Nel pool di magistrati, che operano in via d’urgenza, con indagini affidate ai carabinieri, lavorano il procuratore di Pesaro Cristina Tedeschini, il pm Maria Letizia Fucci al fianco dei pm della Dda Daniele Paci e Paolo Gubinelli, coordinati con il procuratore distrettuale Monica Garulli. Dopo la fase d’urgenza, del fascicolo si occuperà la Distrettuale. Verranno disposte “tutte le attività investigative e gli accertamenti anche tecnici utili” a risalire all’individuazione dei responsabili e del movente dell’agguato.
NOTIZIA IN AGGIORNAMENTO – Pesaro sconvolta
«Non è giusto che una città venga sconvolta in questo modo. Quanti sono i collaboratori di giustizia a Pesaro? Quale è il livello di sicurezza richiesto? Cosa non ha funzionato ieri? Sono solo alcune delle domande che rivolgerò domani ufficialmente a Prefettura e Ministero del Interno». Queste le parole del sindaco di Pesaro Matteo Ricci in un post su Fb dopo l’omicidio del fratello di un collaboratore di giustizia da parte di due killer nel centro città.

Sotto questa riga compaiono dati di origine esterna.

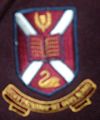 The school badge on a blazer worn by students from Years 8 to 11
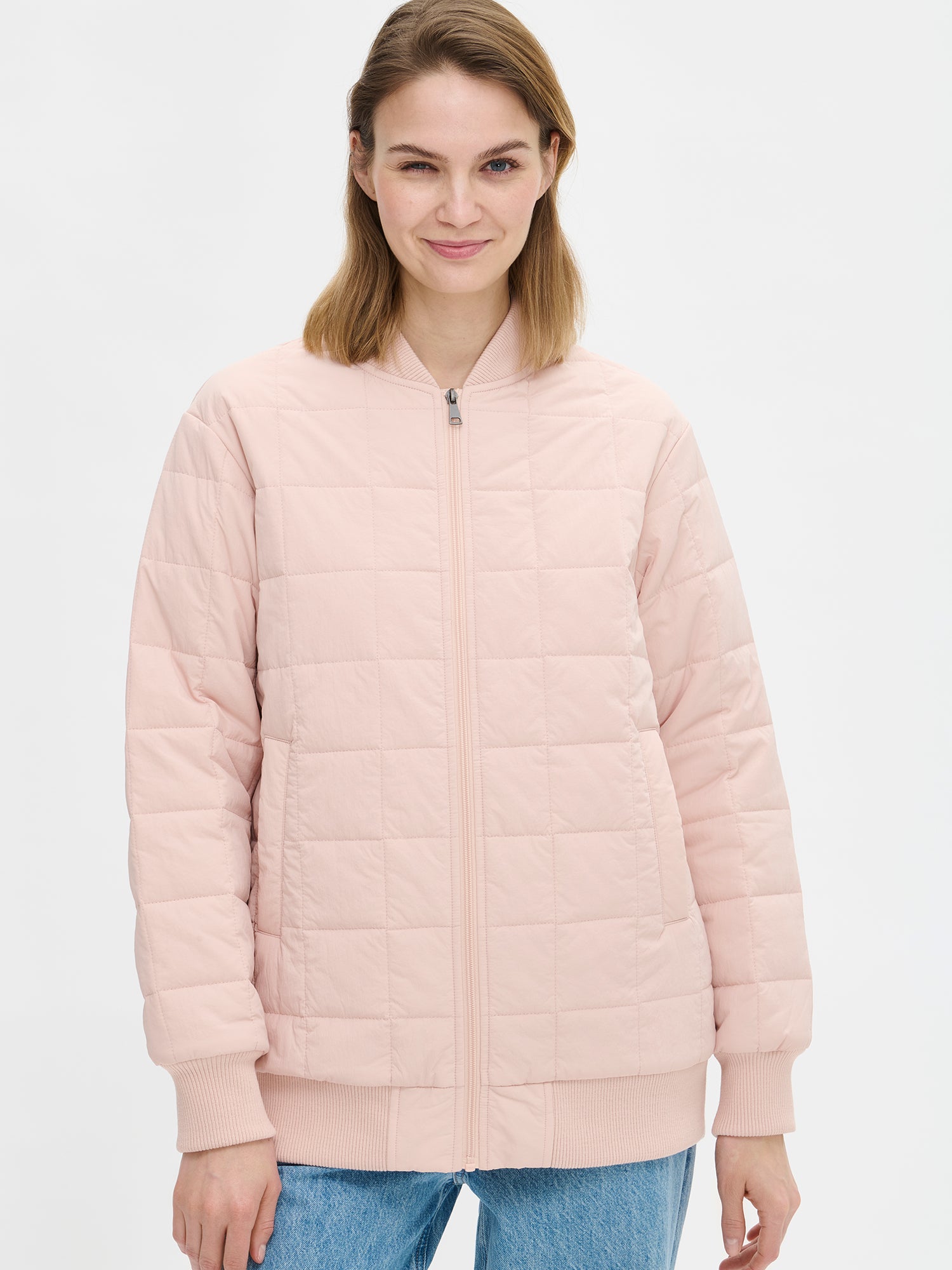 Nanso MERJE Quilted Bomber Jacket in Light Rose features a lightweight Sorona -insulation, ribbed knit detailing at the neckline, cuffs, and hem. Dropped shoulders create a relaxed, contemporary silhouette. Photographed close-up on a model with jeans on, jacket closed.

«Già in passato Pesaro è stata sede di protezione per pentiti – osserva – ma ciò che è successo ieri è molto grave. Ora si creerà un’apprensione nuova e giustificata nella popolazione, stato d’animo che il sindaco deve provare a interpretare». «In questo caso non è la ‘ndrangheta che è venuta a Pesaro (cosa sempre possibile purtroppo; come sappiamo la criminalità non ha confini ), ma – aggiunge – è lo Stato che ha portato a Pesaro delle persone da proteggere dalla ‘ndrangheta, probabilmente perché considera questo territorio più slegato da certi fenomeni criminali».
L’ORDINE VENIVA DALLA CALABRIA
Intano gli inquirenti ritengono credibile che sia partito dalla Calabria l’ordine di uccidere Marcello Bruzzese. É quanto si é appreso in ambienti della Dda di Reggio Calabria, che sin dai primi momenti successivi all’omicidio si mantiene in stretto contatto con la Dda di Ancona e con la Procura della Repubblica di Pesaro.
L’ipotesi che il mandato di morte contro Bruzzese sia maturato in Calabria e che i due esecutori materiali dell’omicidio provenissero proprio da questa regione viene ritenuta “assolutamente fondata”.
I contatti in corso tra le Procure antimafia di Reggio Calabria e di Ancona hanno proprio lo scopo di ricostruire la personalità della vittima e del fratello, oltre che di verificare le modalità organizzative ed esecutive dell’uccisione di Marcello Bruzzese, che era a tutti gli effetti un collaboratore di giustizia, anche se non coperto da anonimato.